5.5: Diffusie
Diffusie is de passieve beweging van stoffen door hun concentratiegradiënten - waarbij geen verbruik van cellulaire energie nodig is. Stoffen, zoals moleculen of ionen, diffunderen van een gebied met een hoge concentratie naar een gebied met een lage concentratie in het cytosol of over membranen. Uiteindelijk zal de concentratie gelijkmatig worden, waarbij de stof willekeurig beweegt maar geen netto verandering in concentratie veroorzaakt. Zo'n toestand wordt dynamisch evenwicht genoemd, wat essentieel is voor het handhaven van de algehele homeostase in levende organismen.

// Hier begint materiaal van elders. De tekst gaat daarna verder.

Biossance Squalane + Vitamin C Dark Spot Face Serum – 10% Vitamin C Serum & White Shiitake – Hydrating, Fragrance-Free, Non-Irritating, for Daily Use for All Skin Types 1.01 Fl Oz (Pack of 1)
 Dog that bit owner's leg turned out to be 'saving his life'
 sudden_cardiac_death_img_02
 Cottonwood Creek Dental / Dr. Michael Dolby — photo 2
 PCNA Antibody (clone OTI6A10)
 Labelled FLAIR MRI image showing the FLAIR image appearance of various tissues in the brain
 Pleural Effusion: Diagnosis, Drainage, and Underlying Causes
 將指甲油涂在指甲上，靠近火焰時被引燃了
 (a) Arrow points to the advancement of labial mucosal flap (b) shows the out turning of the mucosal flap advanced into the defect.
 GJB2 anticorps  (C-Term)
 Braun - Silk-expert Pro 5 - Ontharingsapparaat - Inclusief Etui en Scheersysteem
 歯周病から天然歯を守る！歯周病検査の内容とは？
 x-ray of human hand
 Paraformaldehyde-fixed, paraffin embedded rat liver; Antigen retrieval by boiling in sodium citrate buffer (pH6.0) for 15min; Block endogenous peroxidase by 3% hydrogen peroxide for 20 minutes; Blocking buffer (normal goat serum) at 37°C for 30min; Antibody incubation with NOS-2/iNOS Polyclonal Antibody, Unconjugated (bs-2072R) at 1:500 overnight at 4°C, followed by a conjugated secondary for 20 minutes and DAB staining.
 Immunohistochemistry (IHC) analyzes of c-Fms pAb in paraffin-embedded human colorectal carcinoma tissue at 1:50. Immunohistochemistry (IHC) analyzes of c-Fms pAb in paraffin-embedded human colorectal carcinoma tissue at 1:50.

Diffusieafhankelijke biologische processen
Diffusie speelt een integrale rol in biologische processen zoals ademhaling, het proces waarbij organismen gassen uitwisselen met hun omgeving. Na het inademen van lucht is de zuurstofconcentratie in de longblaasjes, luchtzakjes van de menselijke long, hoger dan de zuurstofconcentratie in het bloed. Bijgevolg diffundeert zuurstof zijn concentratiegradiënt in het bloed. Om in lichaamsweefsel te komen,zuurstof en andere voedingsstoffen die in het bloed worden vervoerd, moeten door hun concentratiegradiënten in de weefsels diffunderen. Metabool afval zoals kooldioxide diffundeert van weefsels naar haarvaten waar de kooldioxideconcentratie lager is dan die in lichaamsweefsels. Bloed dat koolstofdioxide vervoert, wordt vervolgens naar de longen gepompt, waar koolstofdioxide gemakkelijk diffundeert in longblaasjes die een lagere gasconcentratie hebben dan bloed. Koolstofdioxide wordt vervolgens uit de longblaasjes uit het lichaam uitgeademd.
Diffusie is ook verantwoordelijk voor gasuitwisseling in planten. De koolstofdioxide die nodig is voor fotosynthese diffundeert in plantenbladeren vanuit de lucht door kleine poriën op bladeren die huidmondjes worden genoemd. Omgekeerd, zuurstof geproduceerd als bijproduct van fotosynthese diffundeert uit bladeren en in de lucht via huidmondjes.
Verspreidingssnelheden
Factoren zoals temperatuur, molecuulmassa, oplosmiddeldichtheid, oplosbaarheid en de grootte van de concentratiegradiënt van een molecuul beïnvloeden de diffusietarieven. In oplossing heeft elke stof bijvoorbeeld zijn eigen concentratiegradiënt die onafhankelijk is van de concentratiegradiënt van andere stoffen. Een groter concentratieverschil tussen compartimenten leidt tot snellere diffusiesnelheden. Bijgevolg, hoe dichter een systeem bij evenwicht is, hoe langzamer de diffusiesnelheid.
De diffusiesnelheid over een membraan hangt grotendeels af van de relatieve hydrofobiciteit van de moleculen. Specifiek, hoe beter in lipiden oplosbare en apolaire moleculen zijn, hoe gemakkelijker ze door het membraan zullen diffunderen. Dit omvat kleine gassen zoals zuurstof en kooldioxide, maar ook grotere stoffen zoals vitamines. Andere ongeladen maar polaire moleculen, zoals water en grotere zoals glucose, zullen erdoorheen gaan, hoewel in een veel langzamer tempo. Daarentegen worden geladen ionen - ongeacht hun grootte - en niet-lipide-oplosbare eiwitten afgestoten door de lipidedubbellaag en hebben ze andere mechanismen nodig om te kruisen.
Simpele diffusie versus Facilitated Diffusion
Eenvoudige diffusie vindt plaats wanneer stoffen zonder hulp direct over membranen kunnen diffunderen langs hun concentratiegradiënten. Er vindt echter gefaciliteerde diffusie plaats wanneer stoffen het gebruik van in membraan ingebedde transporteiwitten vereisen om membranen te doorkruisen zonder energie te verbruiken.